Skeleton is one of the Olympic sport disciplines contested at the Winter Olympic Games. It was introduced at the 1928 Winter Olympics in St. Moritz – the birthplace of skeleton – in the form of a men's event contested over four runs. Dropped from the 1932 and 1936 Winter Olympics program, skeleton returned in 1948, when St. Moritz hosted again the Winter Olympics, but was discarded from the following Games in Oslo. After 54 years of absence from the Olympic program, skeleton was reinstated as an official medal sport at the 2002 Winter Olympics in Salt Lake City, featuring individual events for men and women.

In 1928, the first Olympic skeleton event was won by American sledder Jennison Heaton, who also won a silver medal in the bobsleigh's five-man event.
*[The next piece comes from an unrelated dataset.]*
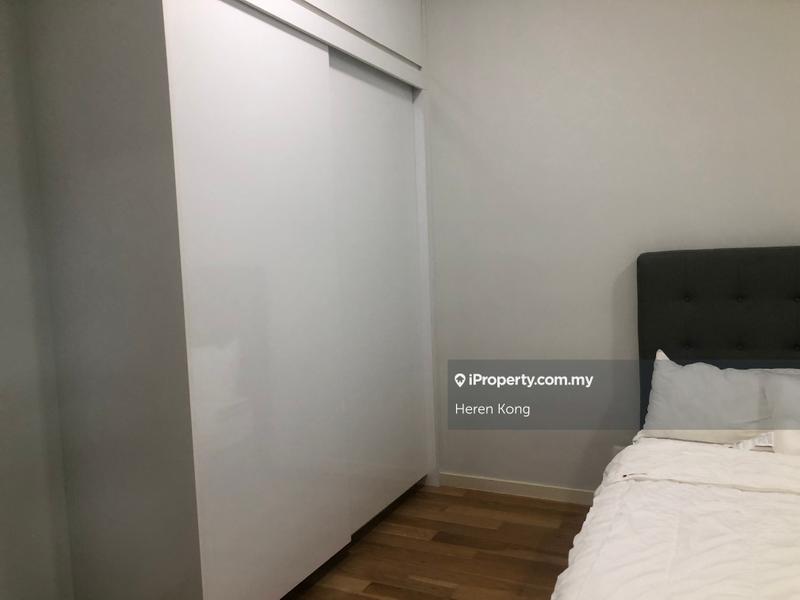 Kediaman Servis untuk Dijual di Vogue Suites One oleh Heren Kong - iProperty.com.my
His younger brother, John Heaton, was runner-up, spending an additional second to complete all three runs (the fourth was cancelled). He repeated this result 20 years later, placing behind Nino Bibbia of Italy, who won his country's first Winter Olympic gold medal.

In 2002, American sledder Jimmy Shea – grandson of Jack Shea, two-time Olympic speed skating champion at the 1932 Lake Placid Games – secured the gold medal by 0.05 seconds, becoming the first Olympic skeleton champion in 54 years. On the same day, another American, Tristan Gale, won the first-ever women's event in the discipline. In the 2006 Winter Olympics men's event, 39-year-old Canadian Duff Gibson beat countryman and world champion Jeff Pain to become the oldest individual gold medalist at the Winter Games. Switzerland's Gregor Stähli won the bronze medal for the second time, beating the third Canadian sledder, Paul Boehm, by 0.26 seconds and thus preventing a medal sweep for Canada. Four years later, Jon Montgomery secured a back-to-back victory for Canada in the men's event, while Amy Williams's win in the women's event gave Great Britain its only medal at the 2010 Winter Olympics, as well as its first individual gold medalist since 1980, and first individual female gold medalist since 1952. This victory was emulated four years later in Sochi by another British athlete, Lizzy Yarnold, who secured her country's second consecutive Olympic skeleton gold medal. 
The following day, Aleksandr Tretyakov – who had won Russia's first Olympic skeleton medal in Vancouver – beat the 2010 Olympic silver medalist Martins Dukurs of Latvia in the men's event to secure his first Olympic title.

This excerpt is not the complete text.